---------- DATA FOR PROCESSING

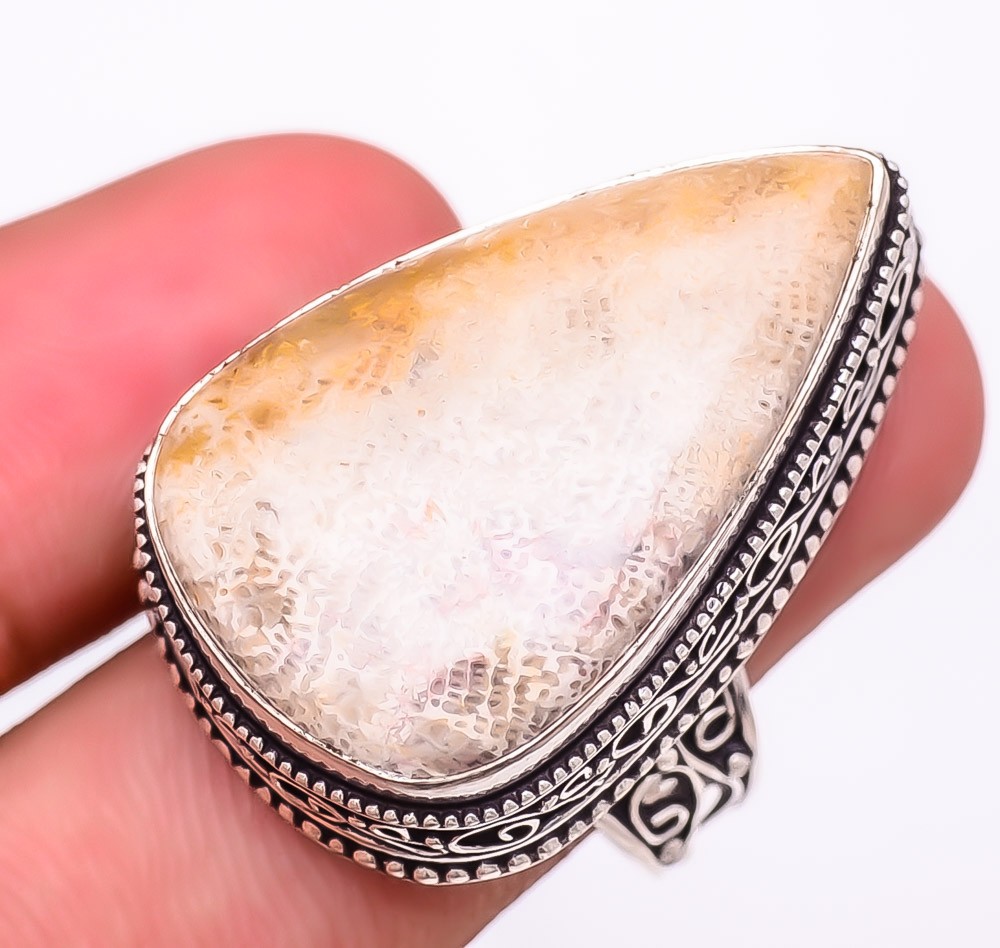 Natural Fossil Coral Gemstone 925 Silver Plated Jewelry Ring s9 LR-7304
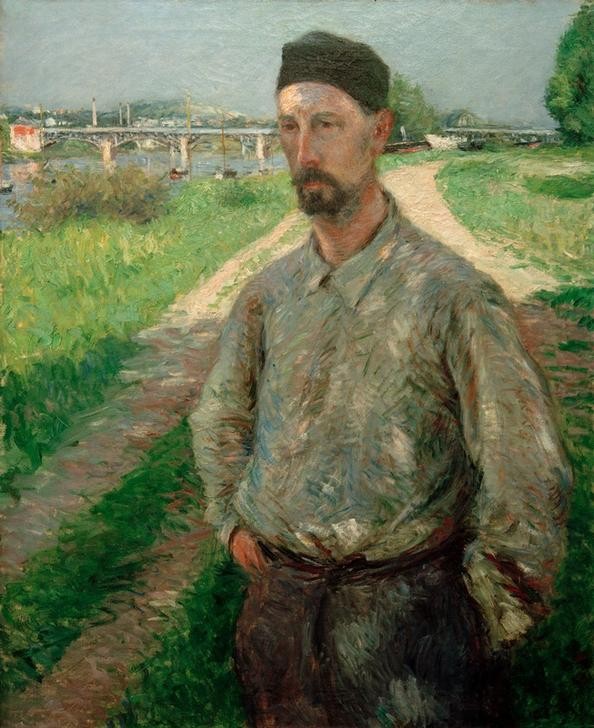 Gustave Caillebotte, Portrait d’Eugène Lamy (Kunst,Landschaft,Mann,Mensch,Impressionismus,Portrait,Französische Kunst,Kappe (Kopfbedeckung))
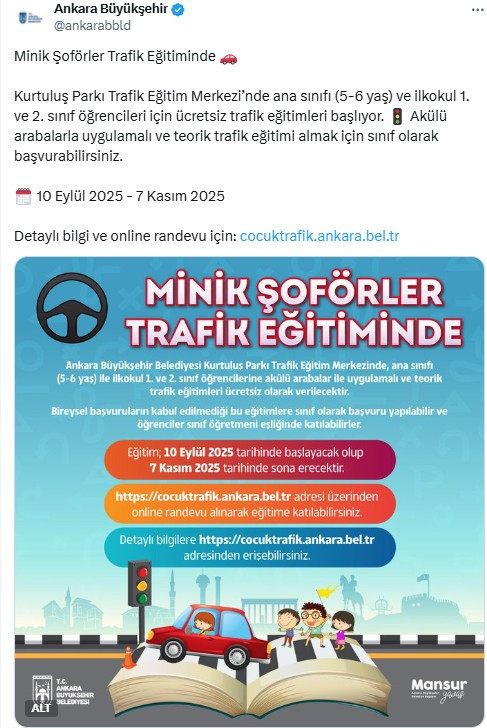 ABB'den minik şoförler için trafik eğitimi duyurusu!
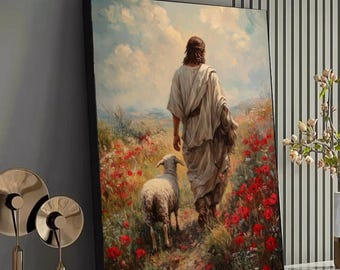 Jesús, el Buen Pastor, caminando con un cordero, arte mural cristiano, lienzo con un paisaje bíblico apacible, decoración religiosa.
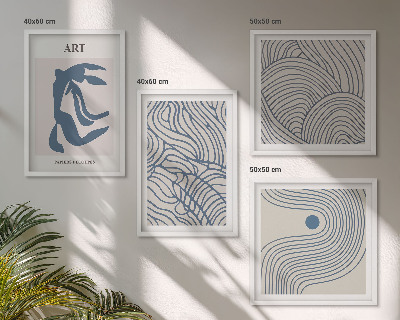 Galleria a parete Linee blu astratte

--------------------

▶ **EXERCISE AIM**
Exactly reproduce each record, leaving out any pictures.

▶ **EXPECTED OUTPUT**
 Natural Fossil Coral Gemstone 925 Silver Plated Jewelry Ring s9 LR-7304
 Gustave Caillebotte, Portrait d’Eugène Lamy (Kunst,Landschaft,Mann,Mensch,Impressionismus,Portrait,Französische Kunst,Kappe (Kopfbedeckung))
 ABB'den minik şoförler için trafik eğitimi duyurusu!
 Jesús, el Buen Pastor, caminando con un cordero, arte mural cristiano, lienzo con un paisaje bíblico apacible, decoración religiosa.
 Galleria a parete Linee blu astratte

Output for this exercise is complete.